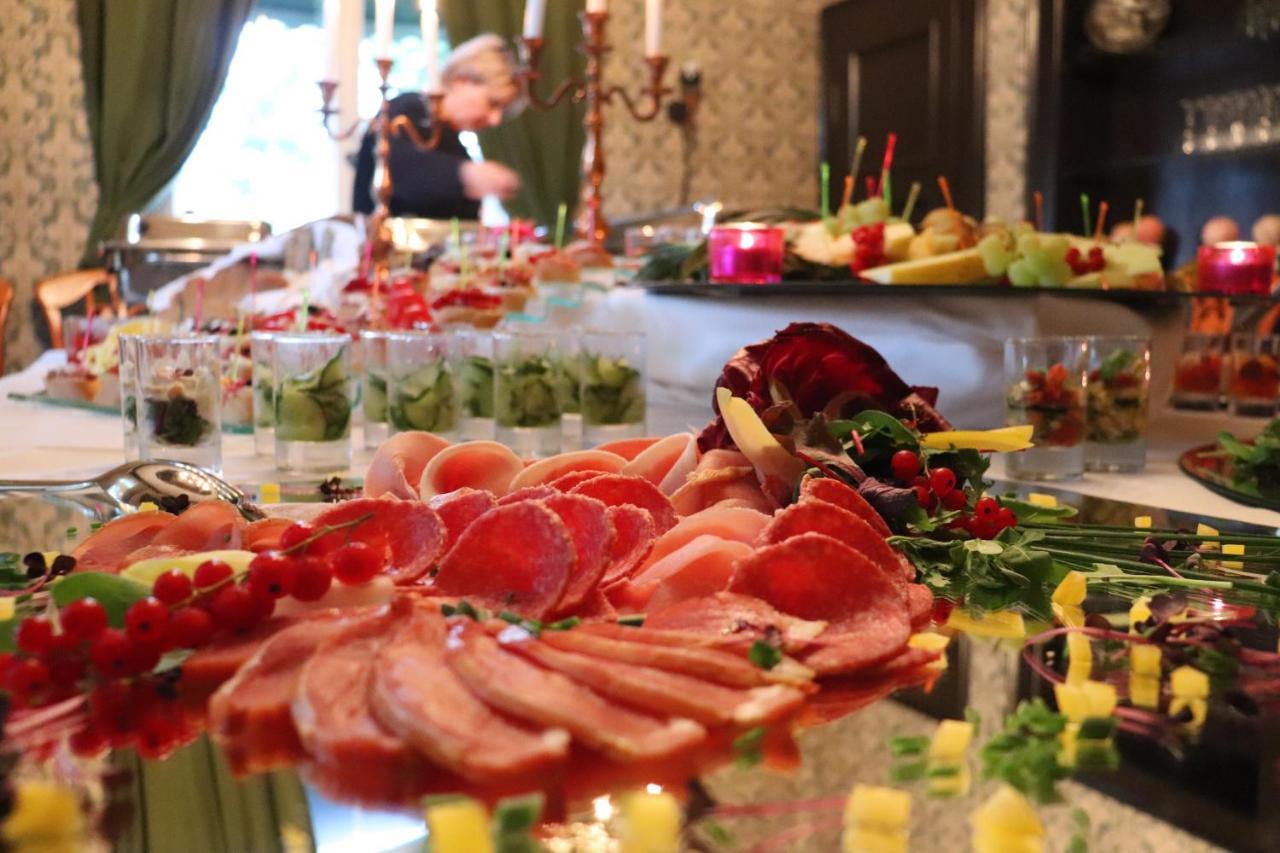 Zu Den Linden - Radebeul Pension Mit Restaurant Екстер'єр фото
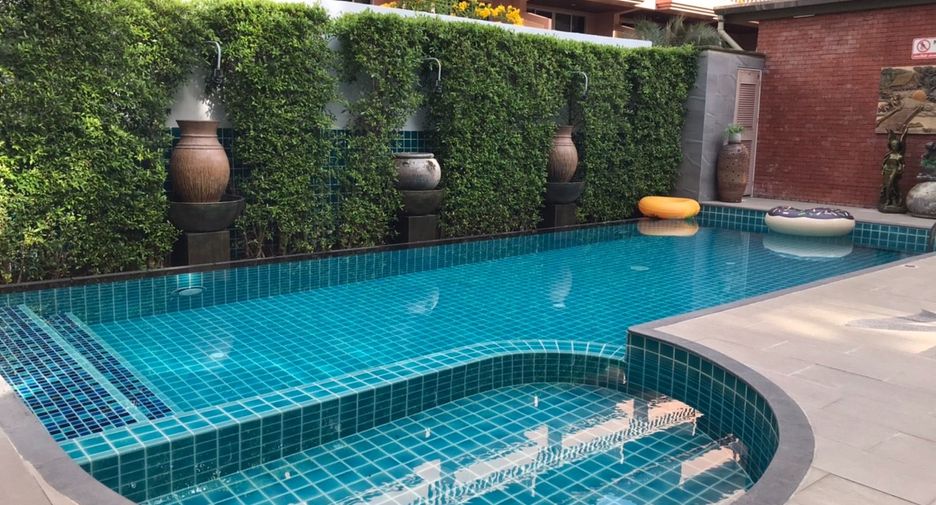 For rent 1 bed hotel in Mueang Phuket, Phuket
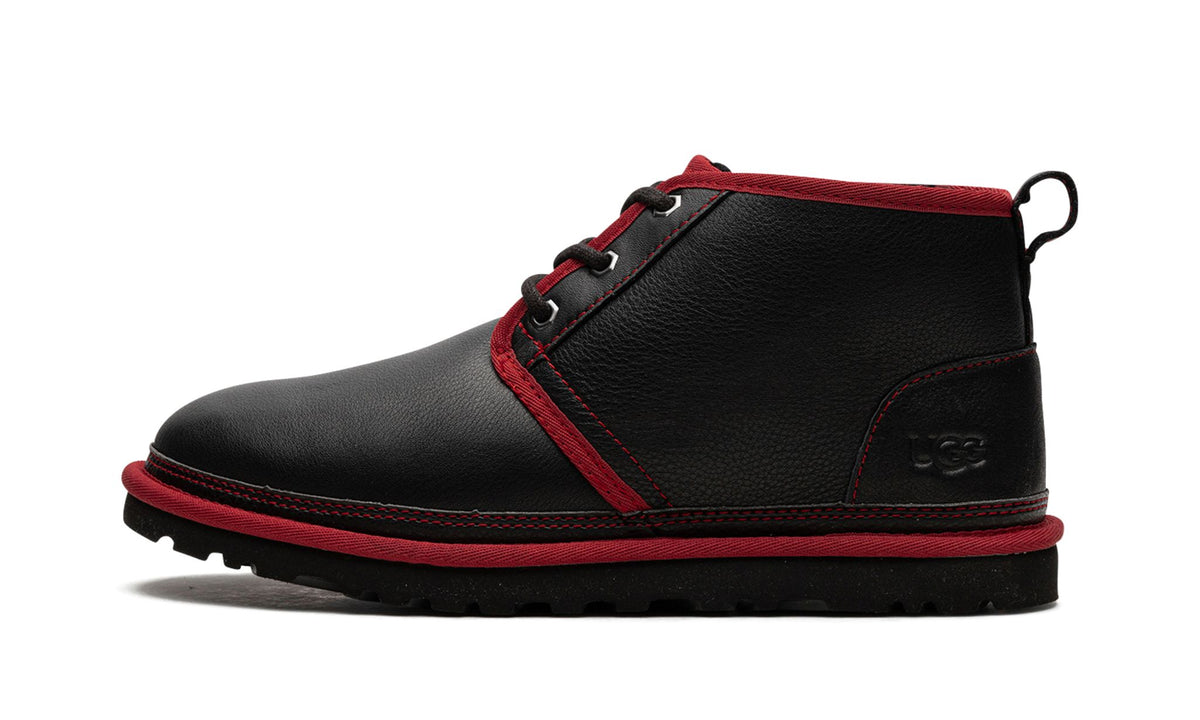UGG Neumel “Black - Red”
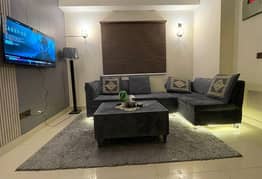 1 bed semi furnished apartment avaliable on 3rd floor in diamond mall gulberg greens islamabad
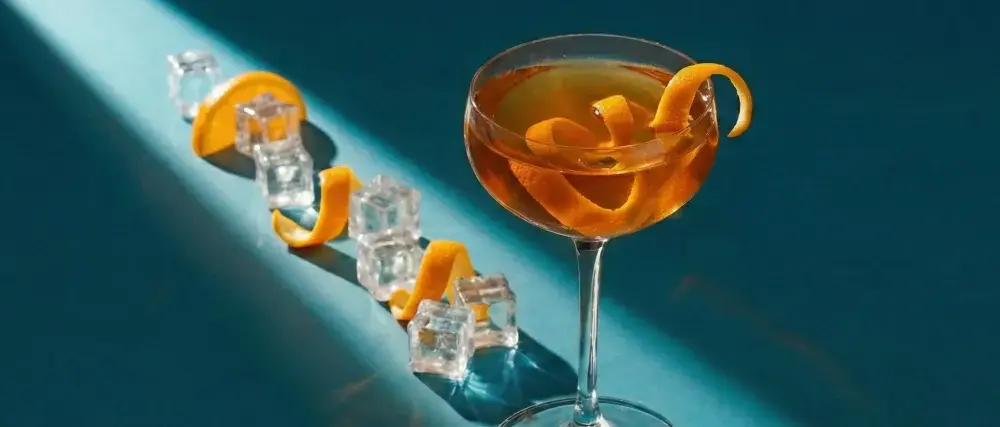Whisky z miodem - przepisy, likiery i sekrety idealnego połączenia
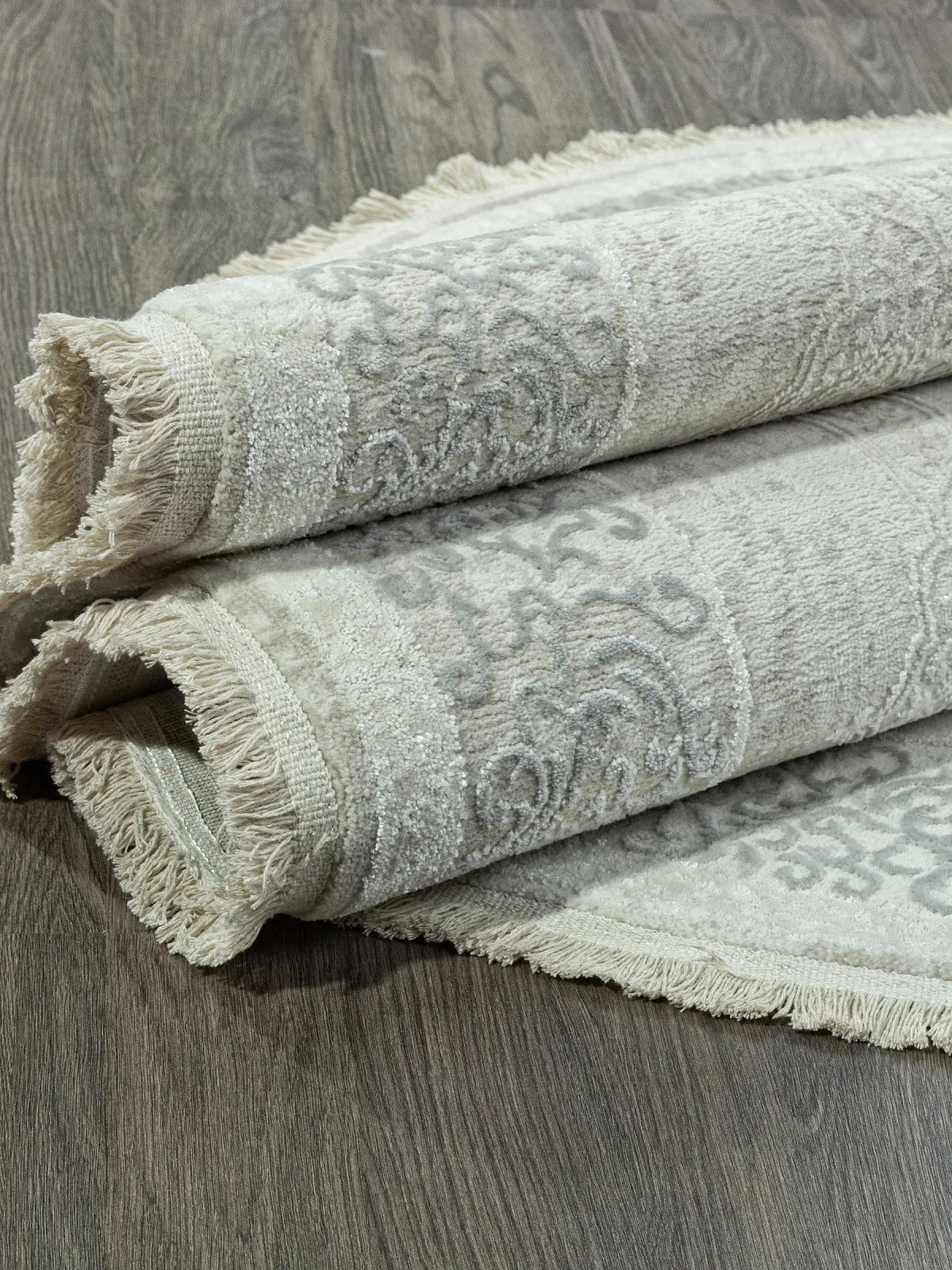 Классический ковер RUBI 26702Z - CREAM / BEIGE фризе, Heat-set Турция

#### [Problem description]
Your answer should copy the listing word for word, with no pictures in it.

#### [Output below]
 Zu Den Linden - Radebeul Pension Mit Restaurant Екстер'єр фото
 For rent 1 bed hotel in Mueang Phuket, Phuket
UGG Neumel “Black - Red”
 1 bed semi furnished apartment avaliable on 3rd floor in diamond mall gulberg greens islamabad
Whisky z miodem - przepisy, likiery i sekrety idealnego połączenia
 Классический ковер RUBI 26702Z - CREAM / BEIGE фризе, Heat-set Турция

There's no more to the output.